A Summary of Tom Kilburn's Achievements
Here is a summary of Tom Kilburn's achievements, the full biography. The links in the summary go to
the shorter version below, and the
headings in the shorter version link to the corresponding headings in the
full biography.
- 1942-46 - War Work on Radar at TRE Malvern Member of F.C. Williams' electronic problem-solving group at TRE.
- 1947-48 - The Williams-Kilburn Tube and the Baby 1947 First effective storage device for electronic computers (2048 bits on a CRT) -- 1948 (June) "Baby", first working electronic stored-program computer ("ESPC")
- 1948-51 - The Manchester and Ferranti Mark 1s 1948 Oct Basic design of Manchester Mark 1 -- 1949 Apr Intermediary Version working (first full-sized ESPC) -- Oct Full Manchester Mark 1 working (first ESPC with address registers and two-level store) -- 1951 Feb First Ferranti Mark 1 delivered (first production ESPC).
- 1951 ... - The Computing Service Tom Kilburn takes over leadership of computer development from F.C. Williams. Computing Service started for wide range of organisations (becomes an independent service late 1960s).
- 1951-55 - MEG and the Transistor Computer 1953 First? transistorised computer working -- 1954 First?
floating-point computer, MEG -- 1955 Expanded TC version (turned
into production MV950 in 1956). MEG becomes production Ferranti Mercury 1957.
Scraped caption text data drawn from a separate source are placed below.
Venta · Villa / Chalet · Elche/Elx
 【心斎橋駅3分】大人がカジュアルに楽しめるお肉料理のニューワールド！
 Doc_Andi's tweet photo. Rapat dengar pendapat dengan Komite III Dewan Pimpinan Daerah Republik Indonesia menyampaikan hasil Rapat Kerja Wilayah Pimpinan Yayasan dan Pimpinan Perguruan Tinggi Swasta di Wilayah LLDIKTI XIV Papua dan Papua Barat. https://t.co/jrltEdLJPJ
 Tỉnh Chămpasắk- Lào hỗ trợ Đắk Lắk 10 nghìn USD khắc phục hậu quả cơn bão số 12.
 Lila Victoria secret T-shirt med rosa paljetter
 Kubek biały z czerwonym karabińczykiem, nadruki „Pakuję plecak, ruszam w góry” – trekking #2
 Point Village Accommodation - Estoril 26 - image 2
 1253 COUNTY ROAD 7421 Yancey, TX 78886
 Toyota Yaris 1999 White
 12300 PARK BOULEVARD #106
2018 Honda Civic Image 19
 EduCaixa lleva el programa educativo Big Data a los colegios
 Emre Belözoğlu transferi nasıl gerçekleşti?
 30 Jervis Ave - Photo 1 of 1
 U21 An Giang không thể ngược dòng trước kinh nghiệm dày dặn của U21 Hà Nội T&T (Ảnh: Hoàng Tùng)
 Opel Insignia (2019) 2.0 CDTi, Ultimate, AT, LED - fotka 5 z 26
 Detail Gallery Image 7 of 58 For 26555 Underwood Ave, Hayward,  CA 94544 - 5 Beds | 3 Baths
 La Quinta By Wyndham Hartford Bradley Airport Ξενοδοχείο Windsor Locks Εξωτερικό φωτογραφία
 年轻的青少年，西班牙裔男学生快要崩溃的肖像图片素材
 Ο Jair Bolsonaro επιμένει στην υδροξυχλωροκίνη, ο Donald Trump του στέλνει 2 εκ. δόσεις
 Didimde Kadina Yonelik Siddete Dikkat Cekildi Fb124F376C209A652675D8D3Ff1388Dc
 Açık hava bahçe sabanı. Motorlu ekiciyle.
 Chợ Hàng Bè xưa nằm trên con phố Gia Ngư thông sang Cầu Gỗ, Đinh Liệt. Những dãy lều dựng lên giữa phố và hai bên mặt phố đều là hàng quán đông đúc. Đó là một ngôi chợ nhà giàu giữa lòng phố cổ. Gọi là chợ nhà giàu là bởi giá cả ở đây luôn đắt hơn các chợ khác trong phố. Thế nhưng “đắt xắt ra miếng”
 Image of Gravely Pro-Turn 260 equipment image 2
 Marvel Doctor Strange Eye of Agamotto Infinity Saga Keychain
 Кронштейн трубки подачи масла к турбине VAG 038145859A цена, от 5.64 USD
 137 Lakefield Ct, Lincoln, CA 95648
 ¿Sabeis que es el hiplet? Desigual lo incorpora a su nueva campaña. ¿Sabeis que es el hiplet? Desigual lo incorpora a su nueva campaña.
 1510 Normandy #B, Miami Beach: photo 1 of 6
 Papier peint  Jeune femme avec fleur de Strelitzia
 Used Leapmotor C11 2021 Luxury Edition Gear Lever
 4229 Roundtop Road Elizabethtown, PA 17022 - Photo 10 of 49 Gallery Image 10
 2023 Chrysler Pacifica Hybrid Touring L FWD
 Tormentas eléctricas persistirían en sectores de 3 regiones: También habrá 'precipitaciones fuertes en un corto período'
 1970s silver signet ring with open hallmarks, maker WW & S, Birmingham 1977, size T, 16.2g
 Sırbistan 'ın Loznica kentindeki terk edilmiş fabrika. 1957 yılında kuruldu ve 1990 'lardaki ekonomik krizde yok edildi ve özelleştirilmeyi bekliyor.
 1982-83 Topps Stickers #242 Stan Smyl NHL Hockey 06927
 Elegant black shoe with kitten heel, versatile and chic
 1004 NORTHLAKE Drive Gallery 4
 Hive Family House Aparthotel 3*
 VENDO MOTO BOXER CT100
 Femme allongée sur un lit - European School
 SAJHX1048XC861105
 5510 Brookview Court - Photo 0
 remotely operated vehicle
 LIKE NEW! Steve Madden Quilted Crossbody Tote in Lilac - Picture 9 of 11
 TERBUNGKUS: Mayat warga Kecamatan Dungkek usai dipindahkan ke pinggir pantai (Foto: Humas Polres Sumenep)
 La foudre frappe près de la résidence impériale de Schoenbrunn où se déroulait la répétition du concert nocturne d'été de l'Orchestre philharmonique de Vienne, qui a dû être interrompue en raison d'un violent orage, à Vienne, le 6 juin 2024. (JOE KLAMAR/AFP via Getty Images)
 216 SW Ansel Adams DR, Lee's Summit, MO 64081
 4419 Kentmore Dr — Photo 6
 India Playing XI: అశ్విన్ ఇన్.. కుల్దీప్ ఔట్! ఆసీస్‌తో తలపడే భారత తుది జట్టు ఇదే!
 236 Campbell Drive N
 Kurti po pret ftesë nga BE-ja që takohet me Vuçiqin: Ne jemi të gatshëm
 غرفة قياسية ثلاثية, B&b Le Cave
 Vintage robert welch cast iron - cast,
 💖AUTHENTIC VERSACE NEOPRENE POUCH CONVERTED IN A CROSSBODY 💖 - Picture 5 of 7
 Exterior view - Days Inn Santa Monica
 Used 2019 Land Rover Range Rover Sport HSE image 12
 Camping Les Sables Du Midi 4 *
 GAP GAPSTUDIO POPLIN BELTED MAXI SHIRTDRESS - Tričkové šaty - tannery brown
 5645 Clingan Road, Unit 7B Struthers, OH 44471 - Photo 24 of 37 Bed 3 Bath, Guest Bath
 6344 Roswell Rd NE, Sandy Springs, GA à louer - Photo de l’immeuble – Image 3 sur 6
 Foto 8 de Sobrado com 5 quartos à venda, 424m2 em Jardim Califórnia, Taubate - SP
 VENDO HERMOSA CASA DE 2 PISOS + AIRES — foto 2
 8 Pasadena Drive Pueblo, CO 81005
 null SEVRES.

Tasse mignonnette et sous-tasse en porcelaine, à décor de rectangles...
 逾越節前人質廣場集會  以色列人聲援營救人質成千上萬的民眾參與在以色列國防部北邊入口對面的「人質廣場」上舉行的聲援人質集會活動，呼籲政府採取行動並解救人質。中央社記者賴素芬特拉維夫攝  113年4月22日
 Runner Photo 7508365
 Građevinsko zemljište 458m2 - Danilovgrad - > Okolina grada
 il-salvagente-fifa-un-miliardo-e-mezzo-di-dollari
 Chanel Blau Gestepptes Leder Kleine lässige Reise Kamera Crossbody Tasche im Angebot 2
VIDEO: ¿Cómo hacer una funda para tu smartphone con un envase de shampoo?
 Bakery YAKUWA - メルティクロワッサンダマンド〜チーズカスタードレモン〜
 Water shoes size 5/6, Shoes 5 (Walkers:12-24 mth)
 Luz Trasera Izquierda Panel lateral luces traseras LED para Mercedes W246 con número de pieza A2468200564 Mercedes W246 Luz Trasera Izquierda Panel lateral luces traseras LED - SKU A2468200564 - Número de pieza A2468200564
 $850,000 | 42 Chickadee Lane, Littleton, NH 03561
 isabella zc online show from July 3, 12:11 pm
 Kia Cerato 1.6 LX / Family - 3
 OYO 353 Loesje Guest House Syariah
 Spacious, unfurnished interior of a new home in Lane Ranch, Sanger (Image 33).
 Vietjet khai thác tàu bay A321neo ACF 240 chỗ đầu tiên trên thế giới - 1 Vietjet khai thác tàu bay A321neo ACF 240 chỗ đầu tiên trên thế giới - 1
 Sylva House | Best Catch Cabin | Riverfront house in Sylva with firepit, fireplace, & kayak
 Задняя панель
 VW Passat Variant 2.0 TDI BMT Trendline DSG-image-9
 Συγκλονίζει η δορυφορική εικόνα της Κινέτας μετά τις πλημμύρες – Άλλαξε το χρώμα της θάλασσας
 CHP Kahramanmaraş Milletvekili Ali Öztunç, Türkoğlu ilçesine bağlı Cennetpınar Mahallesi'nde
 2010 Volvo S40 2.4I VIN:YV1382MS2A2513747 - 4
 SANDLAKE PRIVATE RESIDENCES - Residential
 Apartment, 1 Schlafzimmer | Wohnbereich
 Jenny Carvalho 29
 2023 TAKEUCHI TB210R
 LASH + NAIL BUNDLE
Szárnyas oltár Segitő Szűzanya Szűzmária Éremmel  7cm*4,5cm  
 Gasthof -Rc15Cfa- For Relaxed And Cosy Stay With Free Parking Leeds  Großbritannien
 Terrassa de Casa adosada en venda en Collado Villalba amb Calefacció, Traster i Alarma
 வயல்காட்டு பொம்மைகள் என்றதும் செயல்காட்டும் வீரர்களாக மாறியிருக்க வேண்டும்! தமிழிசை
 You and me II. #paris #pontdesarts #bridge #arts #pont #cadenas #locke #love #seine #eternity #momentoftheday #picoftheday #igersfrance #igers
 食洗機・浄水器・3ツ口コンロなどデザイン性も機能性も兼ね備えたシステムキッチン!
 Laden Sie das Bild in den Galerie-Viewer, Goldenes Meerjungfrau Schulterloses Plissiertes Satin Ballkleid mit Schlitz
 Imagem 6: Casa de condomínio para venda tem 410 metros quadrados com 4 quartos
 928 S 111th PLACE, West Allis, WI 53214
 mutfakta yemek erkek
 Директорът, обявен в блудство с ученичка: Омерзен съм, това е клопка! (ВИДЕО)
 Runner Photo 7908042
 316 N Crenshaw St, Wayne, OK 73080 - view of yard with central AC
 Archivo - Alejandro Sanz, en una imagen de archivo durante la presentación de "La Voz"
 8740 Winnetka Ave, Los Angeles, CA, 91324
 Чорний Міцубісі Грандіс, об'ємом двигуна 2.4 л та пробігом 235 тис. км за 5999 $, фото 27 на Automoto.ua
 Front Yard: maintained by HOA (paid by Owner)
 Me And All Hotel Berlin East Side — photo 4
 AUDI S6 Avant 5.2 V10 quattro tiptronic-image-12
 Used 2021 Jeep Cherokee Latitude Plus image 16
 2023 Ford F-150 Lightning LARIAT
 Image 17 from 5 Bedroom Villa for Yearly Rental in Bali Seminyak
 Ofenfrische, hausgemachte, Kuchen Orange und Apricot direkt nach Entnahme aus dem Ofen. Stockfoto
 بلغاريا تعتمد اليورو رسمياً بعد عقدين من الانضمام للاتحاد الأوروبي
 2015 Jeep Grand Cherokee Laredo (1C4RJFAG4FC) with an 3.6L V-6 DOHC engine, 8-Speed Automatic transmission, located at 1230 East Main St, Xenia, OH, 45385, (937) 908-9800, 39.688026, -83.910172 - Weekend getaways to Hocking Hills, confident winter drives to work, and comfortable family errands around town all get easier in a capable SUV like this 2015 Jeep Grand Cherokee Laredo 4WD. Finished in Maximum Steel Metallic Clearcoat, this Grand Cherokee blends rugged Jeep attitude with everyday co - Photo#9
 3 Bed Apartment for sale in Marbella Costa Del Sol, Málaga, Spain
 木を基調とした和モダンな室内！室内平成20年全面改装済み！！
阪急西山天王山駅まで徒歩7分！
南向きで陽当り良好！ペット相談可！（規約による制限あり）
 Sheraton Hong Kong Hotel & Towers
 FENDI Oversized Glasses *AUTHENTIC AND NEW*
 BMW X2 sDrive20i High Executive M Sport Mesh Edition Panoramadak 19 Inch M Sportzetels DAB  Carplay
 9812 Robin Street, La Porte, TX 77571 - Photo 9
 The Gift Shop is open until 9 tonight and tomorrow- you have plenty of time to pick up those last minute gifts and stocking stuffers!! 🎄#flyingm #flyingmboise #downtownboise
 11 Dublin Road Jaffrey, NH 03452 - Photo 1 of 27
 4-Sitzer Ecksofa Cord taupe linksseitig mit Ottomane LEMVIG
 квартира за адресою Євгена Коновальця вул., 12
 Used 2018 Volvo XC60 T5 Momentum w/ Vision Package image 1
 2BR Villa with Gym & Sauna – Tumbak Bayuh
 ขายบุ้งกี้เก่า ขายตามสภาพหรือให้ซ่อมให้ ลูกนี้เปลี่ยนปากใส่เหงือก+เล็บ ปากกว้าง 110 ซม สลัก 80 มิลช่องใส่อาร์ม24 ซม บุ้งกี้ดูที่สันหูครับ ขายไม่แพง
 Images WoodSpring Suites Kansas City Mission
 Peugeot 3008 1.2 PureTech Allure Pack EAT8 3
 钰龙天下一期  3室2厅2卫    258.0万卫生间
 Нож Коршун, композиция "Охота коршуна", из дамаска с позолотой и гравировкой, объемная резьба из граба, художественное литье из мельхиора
- 1956-64 - MUSE/Atlas 1956 MUSE project started; aim 1,000 times faster than Mark 1s. Massive innovative effort moving from early '50s computer state to mid '60s. Effort required on 3 fronts: hardware techniques, operating systems and multi compiler production -- 1959 Ferranti joins project, renamed Atlas -- 1962 Atlas starts working -- 1963 Software fully working. Arguably most powerful and sophisticated computer in the world. In general the
innovation matches simultaneous leading-edge projects in US, but is carried out
largely independent of them. Main unique features Virtual Memory and
(Brooker's) Compiler Compiler.
- 1964 ... - The Department of Computer Science First UK (European?) Computer Science department.
- 1966-74 - MU5 New machine with architecture dedicated to high-level language requirements. c. 1970 Makes major contribution to new ICL 2900 series
architecture. Working 1972, with major O/S and compiler
production system (under Derrick Morris) fully
operational 1973.
- 1975-81 - Later Years C.S. department grows and diversifies; (o)100 students/year.
- Honours and Awards (E.g.) 1965 Fellow of the Royal Society; 1973 C.B.E. -- plus many from Universities and Computer organisations.